US Diesel Inventories Declined For A 7th Straight Week, Keeping Total Stocks At The Low End Of The Seasonal Range

Market TalkThu, Mar 07, 2024
US Diesel Inventories Declined For A 7th Straight Week, Keeping Total Stocks At The Low End Of The Seasonal Range

It’s been a choppy start to Thursday’s trading with energy futures flipping back and forth between gains and losses, after some bullish demand figures in the DOE report Wednesday sparked a healthy rally.

Energy markets appear to be shrugging off news that the latest Houthi Missile attack caused the first fatalities aboard a merchant ship in the Red Sea conflict while new reports suggest the undersea cables that were cut last week may have been caused by a sinking ship.

US diesel inventories declined for a 7th straight week, keeping total stocks at the low end of the seasonal range even though PADDs 2 and 4 remain at the top end of their seasonal range. The wildcard in diesel stocks of course is PADD 5 where the renewable diesel that’s been flooding the west coast over the past several months still doesn’t show up in the weekly stats, meaning total stocks are likely 4 million barrels or so above the official PADD 5 estimate, which is why we’re seeing weak basis values despite the DOE showing inventories below their seasonal range. The DOE’s estimate for diesel demand also saw a huge increase last week, marking a 4th week of big back and forth swings, proving more that the agency’s estimates are error prone than anything else. The good news if you’re a diesel producer is that the DOE’s figures are understating diesel demand somewhere in the 4-5% range due to RD not being factored into the numbers.

Gasoline stocks declined for a 5th straight week, following their typical seasonal pattern of drawing down inventories as the spring RVP transition kicks in. One major difference in the gasoline figures compared to the past few years is that the East Coast (PADD 1) is actually seeing inventory builds thanks in large part to above average imports and the return of previously idled local refining capacity, whereas PADDs 2 and 3 are seeing big declines. That excess supply stretching from New York to New England looks like it’s already backing up demand for resupply, which helps explain why Colonial Line 1 space is trading for minus 5 cents/gallon these days.

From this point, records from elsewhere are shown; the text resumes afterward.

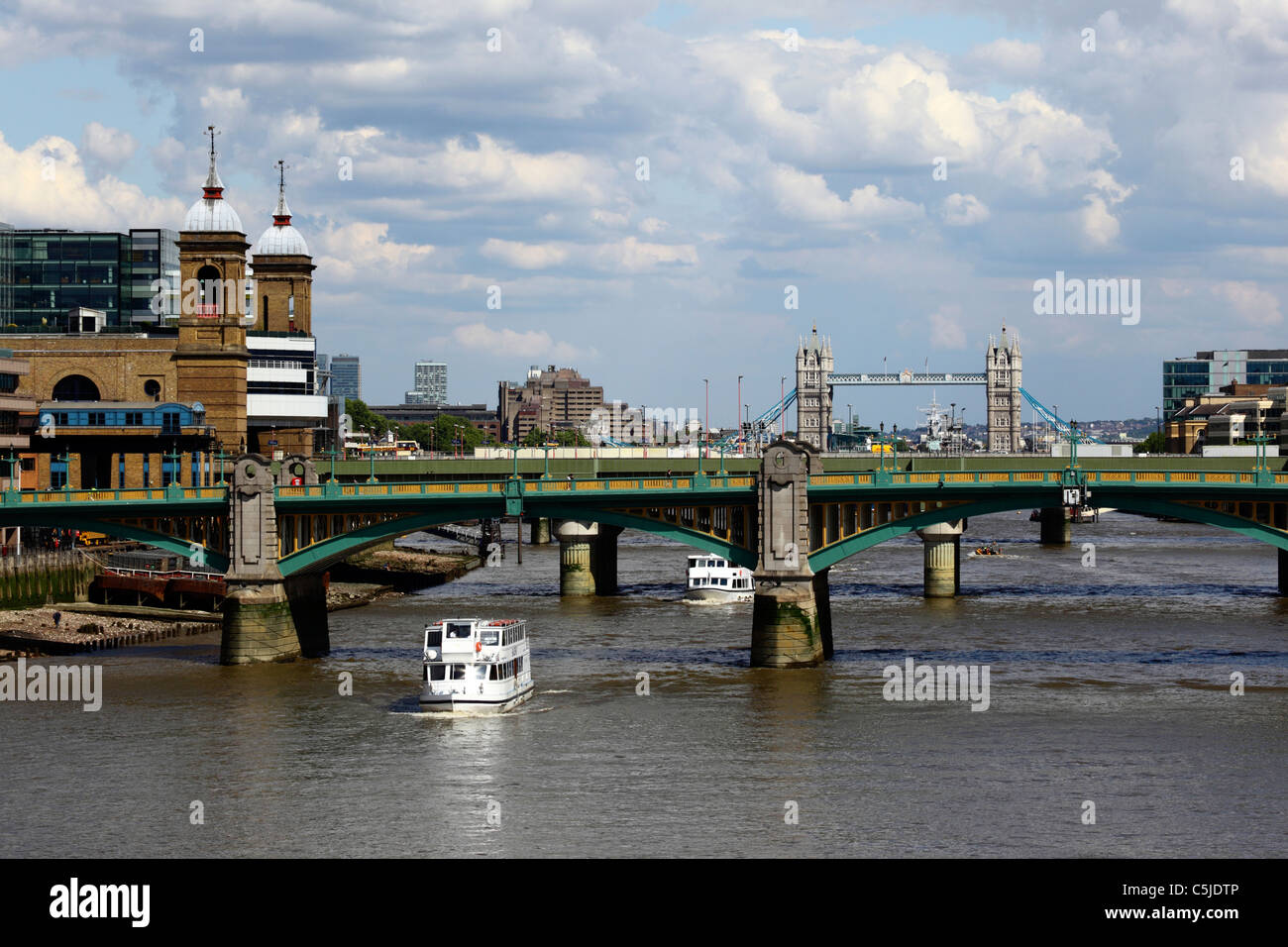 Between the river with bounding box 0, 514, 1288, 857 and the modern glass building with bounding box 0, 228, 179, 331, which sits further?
the modern glass building with bounding box 0, 228, 179, 331

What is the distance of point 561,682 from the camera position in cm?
7638

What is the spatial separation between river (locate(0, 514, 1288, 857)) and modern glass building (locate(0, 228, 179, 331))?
329 feet

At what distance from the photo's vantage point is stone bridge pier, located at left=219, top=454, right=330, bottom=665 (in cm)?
8312

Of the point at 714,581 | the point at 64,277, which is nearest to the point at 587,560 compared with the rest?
the point at 714,581

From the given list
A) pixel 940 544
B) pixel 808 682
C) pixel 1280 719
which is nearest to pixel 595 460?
pixel 940 544

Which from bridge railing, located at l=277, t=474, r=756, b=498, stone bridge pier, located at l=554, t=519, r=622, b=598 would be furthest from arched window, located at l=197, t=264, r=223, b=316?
bridge railing, located at l=277, t=474, r=756, b=498

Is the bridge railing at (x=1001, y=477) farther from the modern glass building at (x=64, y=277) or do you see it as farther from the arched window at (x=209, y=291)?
the modern glass building at (x=64, y=277)

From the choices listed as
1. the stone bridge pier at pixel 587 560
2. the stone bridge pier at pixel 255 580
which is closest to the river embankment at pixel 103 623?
the stone bridge pier at pixel 255 580

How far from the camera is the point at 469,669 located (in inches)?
2736

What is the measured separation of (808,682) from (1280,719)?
19.1 metres

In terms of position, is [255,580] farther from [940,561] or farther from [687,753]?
[940,561]

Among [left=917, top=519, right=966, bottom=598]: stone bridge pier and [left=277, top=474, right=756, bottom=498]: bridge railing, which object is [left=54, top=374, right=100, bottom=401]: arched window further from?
[left=917, top=519, right=966, bottom=598]: stone bridge pier

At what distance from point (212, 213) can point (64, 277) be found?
4807 centimetres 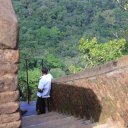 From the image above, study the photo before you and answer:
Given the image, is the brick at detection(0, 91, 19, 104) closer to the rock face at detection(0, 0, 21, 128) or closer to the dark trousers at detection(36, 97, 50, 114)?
the rock face at detection(0, 0, 21, 128)

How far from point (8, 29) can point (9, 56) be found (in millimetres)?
198

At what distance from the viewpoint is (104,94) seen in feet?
14.0

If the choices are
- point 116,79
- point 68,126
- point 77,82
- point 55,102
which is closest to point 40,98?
point 55,102

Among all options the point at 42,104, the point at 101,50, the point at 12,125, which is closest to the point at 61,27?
the point at 101,50

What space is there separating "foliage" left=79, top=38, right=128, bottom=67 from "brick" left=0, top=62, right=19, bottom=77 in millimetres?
17219

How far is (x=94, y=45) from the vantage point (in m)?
21.7

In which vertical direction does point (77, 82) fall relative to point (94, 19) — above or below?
below

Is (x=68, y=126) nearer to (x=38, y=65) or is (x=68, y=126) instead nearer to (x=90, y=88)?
(x=90, y=88)

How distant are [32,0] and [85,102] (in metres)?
59.4

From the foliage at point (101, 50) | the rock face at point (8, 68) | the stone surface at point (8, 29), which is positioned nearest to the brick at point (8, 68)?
the rock face at point (8, 68)

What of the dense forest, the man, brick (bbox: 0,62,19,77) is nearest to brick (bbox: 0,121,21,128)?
brick (bbox: 0,62,19,77)

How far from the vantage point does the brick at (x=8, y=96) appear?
2.85 m

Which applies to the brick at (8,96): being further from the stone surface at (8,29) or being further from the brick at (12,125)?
the stone surface at (8,29)

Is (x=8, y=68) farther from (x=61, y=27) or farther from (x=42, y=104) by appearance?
(x=61, y=27) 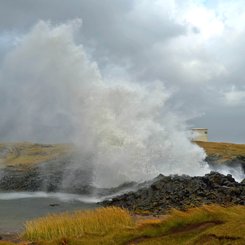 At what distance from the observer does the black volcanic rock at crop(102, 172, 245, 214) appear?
36.5m

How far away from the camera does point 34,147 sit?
13562cm

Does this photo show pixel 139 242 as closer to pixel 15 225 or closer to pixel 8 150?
pixel 15 225

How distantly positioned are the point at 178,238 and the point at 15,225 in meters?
21.1

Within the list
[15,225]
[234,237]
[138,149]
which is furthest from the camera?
[138,149]

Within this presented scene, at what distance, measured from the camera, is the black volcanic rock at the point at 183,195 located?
3647cm

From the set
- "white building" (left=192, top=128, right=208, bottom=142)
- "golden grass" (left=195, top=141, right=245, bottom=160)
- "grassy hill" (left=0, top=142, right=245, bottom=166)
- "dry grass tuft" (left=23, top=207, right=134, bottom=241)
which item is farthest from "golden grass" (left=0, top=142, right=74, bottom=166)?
"dry grass tuft" (left=23, top=207, right=134, bottom=241)

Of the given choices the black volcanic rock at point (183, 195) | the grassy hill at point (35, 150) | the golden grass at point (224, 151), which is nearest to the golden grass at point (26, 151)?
the grassy hill at point (35, 150)

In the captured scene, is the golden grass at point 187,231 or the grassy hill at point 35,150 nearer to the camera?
the golden grass at point 187,231

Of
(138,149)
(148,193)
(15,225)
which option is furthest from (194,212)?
(138,149)

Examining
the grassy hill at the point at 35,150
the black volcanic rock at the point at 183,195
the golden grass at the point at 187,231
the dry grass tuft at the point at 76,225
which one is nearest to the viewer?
the golden grass at the point at 187,231

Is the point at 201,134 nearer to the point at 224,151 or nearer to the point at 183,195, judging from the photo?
the point at 224,151

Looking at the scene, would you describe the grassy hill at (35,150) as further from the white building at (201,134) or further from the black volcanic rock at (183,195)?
the black volcanic rock at (183,195)

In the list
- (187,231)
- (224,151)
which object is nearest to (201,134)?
(224,151)

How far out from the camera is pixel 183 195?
3906 centimetres
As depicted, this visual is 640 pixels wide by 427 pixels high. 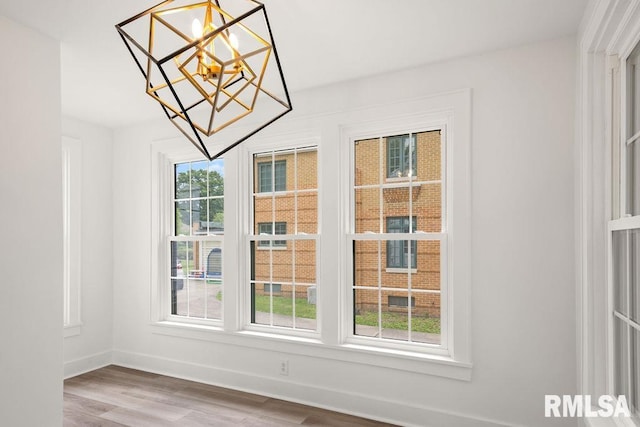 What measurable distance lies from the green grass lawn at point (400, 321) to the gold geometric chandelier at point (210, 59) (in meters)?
1.73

That overhang will need to be dealt with in the next several weeks if shippers are going to get their tanks turned ahead of the spring deadline.

As expected, refinery runs saw a large increase of nearly 5% last week as several of the country’s largest refineries return from maintenance. The Gulf Coast refining hub is now running at higher rates than it was this time last year, but remains far below where runs were prior to the January freeze.